Sottolineo sempre questo aspetto, non solo perché è fuori del sistema delle major che rappresenta il novanta per cento delle produzioni americane, ma nel dirlo sento una sorta di libertà. Soprattutto come giovane regista non sentirsi vincolati è fondamentale e non può dirsi che ciò succeda quando invece si è sotto contratto con una grossa produzione e si deve gestire un budget elevato. Penso anche che “indipendente” sia un aggettivo che permette alle persone di trovare storie che non trova normalmente nei canali convenzionali.

 

La produzione

In genere ci si aspetta che il regista dica che è stato difficile produrre il film, che è stata una grande sofferenza…, ma non sono d’accordo.
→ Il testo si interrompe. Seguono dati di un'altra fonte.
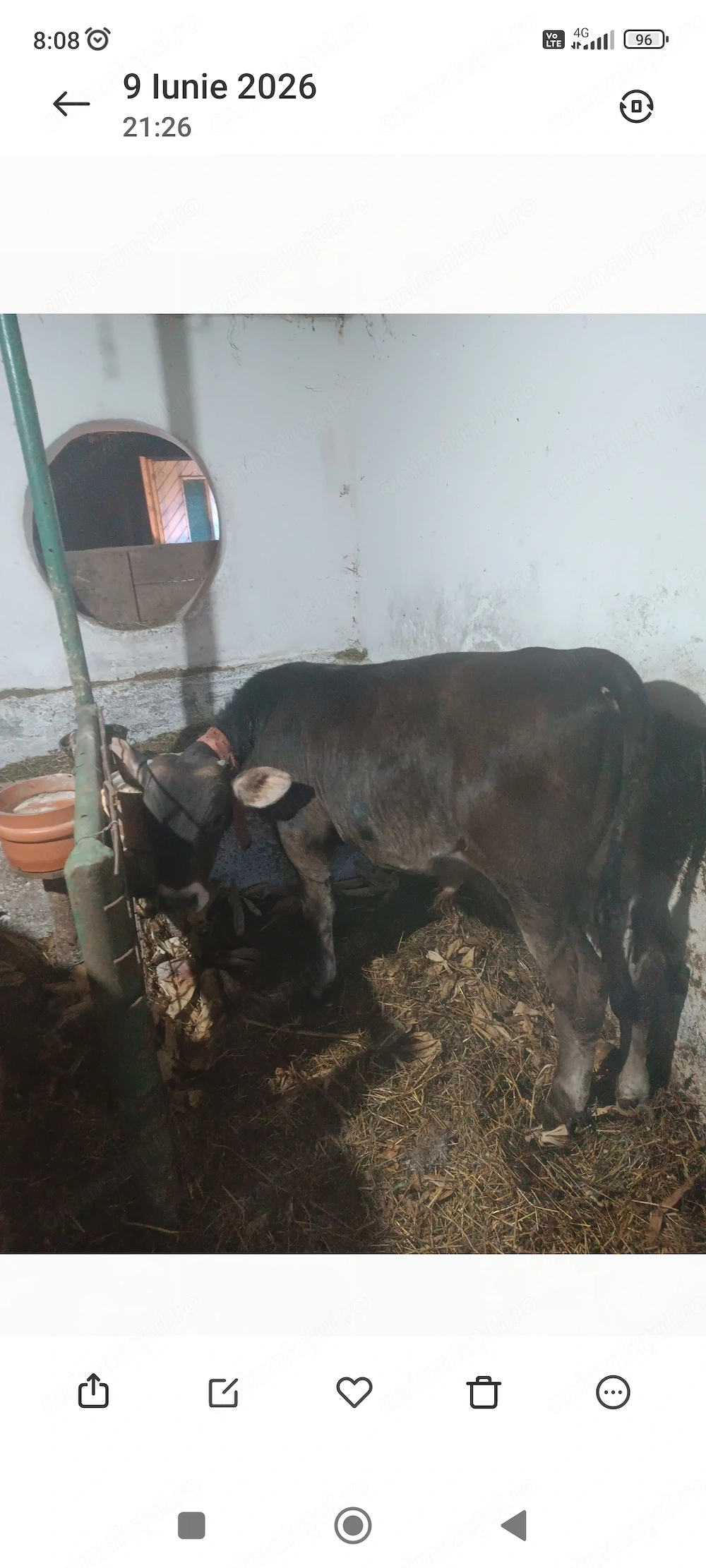 Vând tauraș brun, înțărcat,cu vârsta de 4 luni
Se non ti piace il tipo di vita che fai quando sei un regista non lo fare. Per me è un lusso pensare un film nella propria stanza che poi viene presentato quattro anni dopo in una sala davanti a tantissima gente. È un tipo di lusso che forse nessun’altra forma d’arte può permettersi.

 

Peter Bogdanovich

Sono stato estremamente fortunato. La sua partecipazione al film è stata abbastanza casuale. Sapevamo chi era il suo agente e avevamo già pensato a lui, ma non pensavamo potesse accettare. Poi lo stesso agente rappresentava anche Lesley Ann Warren ed è stato lui a farci il nome di Bogdanovich. È stato fantastico lavorare con lui, all’inizio ero un po’ intimorito, ma è stato molto collaborativo, la persona migliore con cui lavorare.